D’ailleurs, ajoute quelqu’un, quand on voit sur quels critères complètement débiles les gens votent, genre un tel est beau, un tel est fort, c’est à se demander s’il ne faudrait pas limiter le droit de vote à ceux qui ont un minimum de conscience politique et de conscience des enjeux.

Moi : « Tu t’entendrais certainement très bien avec Aymeric Caron. Il pense qu’avant de voter, il faudrait passer un petit test destiné à vérifier à chaque scrutin que nous possédons bien les connaissances nécessaires ». Réponse : « Eh bien, tu vois, l’idée n’est pas si folle. » Moi : « Si je comprends bien, ton truc, c’est un peu comme le suffrage censitaire, c’est la réduction du corps électoral aux élites auto-proclamées et auto-adoubées. » À nouveau silence, fromage, dessert et sujets de conversation sans danger. Vous partez pour Noël ?

Encore une fois, j’insiste, tout est vrai, je n’invente rien, mon mari en est le témoin aussi atterré que scrupuleux.

Ce qui me frappe dans ces échanges, c’est de constater à quelle vitesse et avec quelle facilité il est possible de basculer d’une position très engagée et pleine de bonnes intentions humanistes et citoyennes sur les grandes valeurs d’ouverture de l’Occident à une position effroyablement autoritaire voire inhumaine envers tout ce qui contrarie certaines idées dominantes. C’est de voir à quel point tout ceci semble parfaitement naturel, parfaitement justifié et parfaitement souhaitable.
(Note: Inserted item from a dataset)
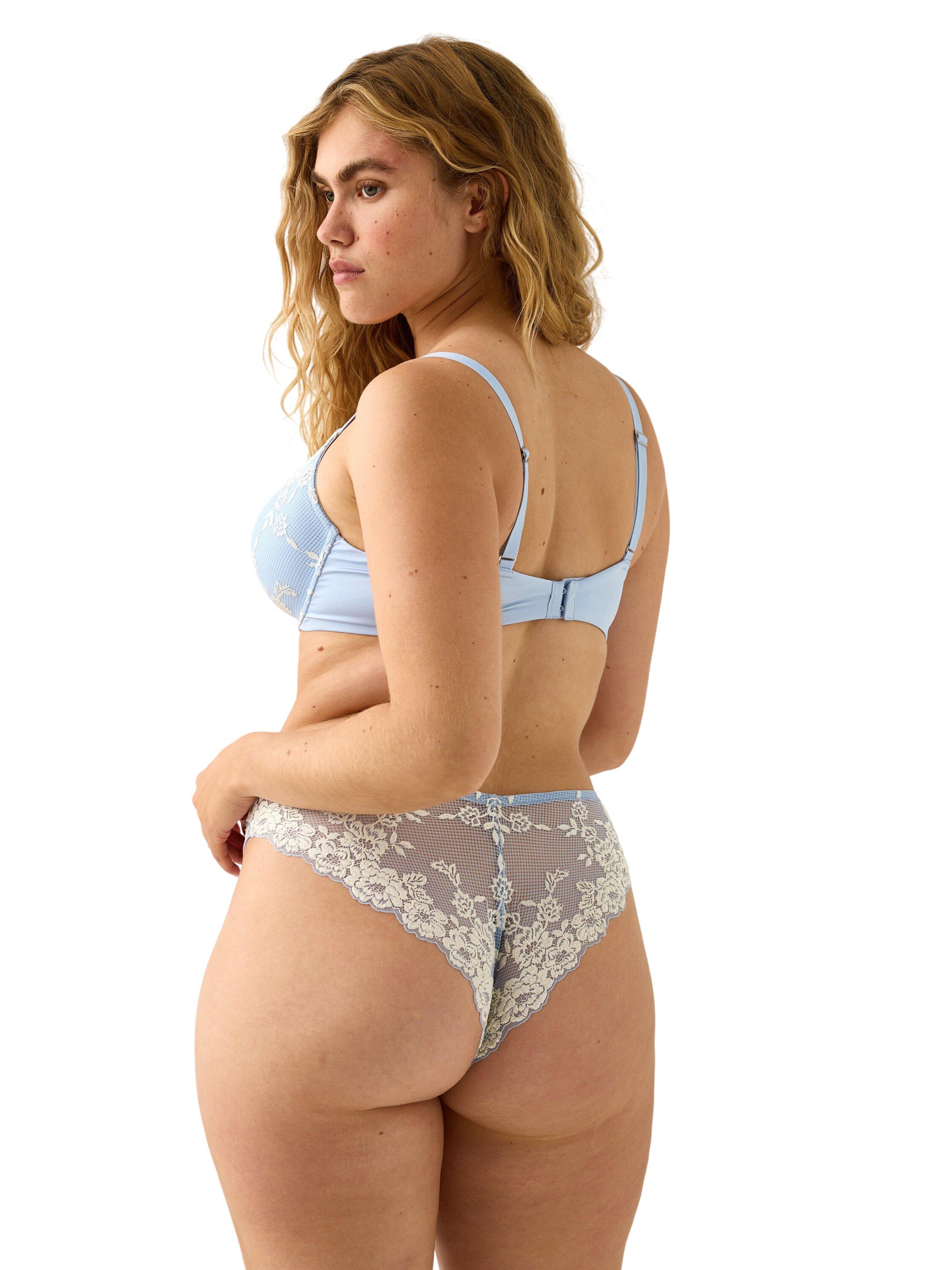 Comfortable padded t-shirt bra with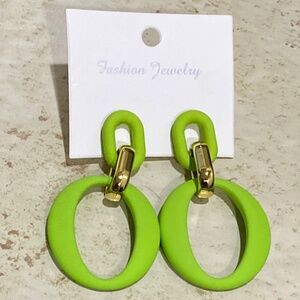 *NEW* LIME GREEN DANGLE EARRINGS! GO GREEN NOW!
Prenez Aymeric Caron. Il n’est jamais le dernier à dénoncer et débusquer le fascisme partout où il se trouve au nom de la liberté et de la démocratie. On le suivrait volontiers s’il n’était évident qu’il est une liberté qui lui répugne particulièrement, celle des idées et des opinions. Ce n’est pas tant le niveau culturel et éducatif des votants qui le préoccupe – niveau dont on pensait d’ailleurs qu’il relevait au départ de notre fabuleuse Éducation nationale et de ses brillants diplômes largement répandus dans la société. C’est plutôt le désir impérieux de voir tout le monde se rallier à ses idées qui motive ses curieuses envies de sélection.

Comme l’écrivait Blaise Pascal dans ses Pensées, il se trouve hélas trop souvent, pour notre malheur, que qui veut faire l’ange, c’est-à-dire qui oublie sa condition d’homme limité et imparfait et se prend tout simplement pour un Dieu, fait en réalité la bête.

Mais l’astuce, la parade irréfragable, c’est d’avancer au nom de ses bonnes intentions humanistes, ce que Pascal lui-même, dans sa VIIème Provinciale, avait dénoncé dans le concept jésuite de « direction d’intention ». Tout repose sur la « pureté de l’intention », une intention adéquatement travaillée et modelée pour faire ressortir l’intrinsèque bonté de qui l’abrite en son cœur et une intention qui seule doit entrer en ligne de compte au moment d’évaluer l’action, y compris dans tout ce qu’elle pourrait avoir de mauvais, de raté ou de dommageable à autrui.

Comme je le disais au début de cet article, déprimant.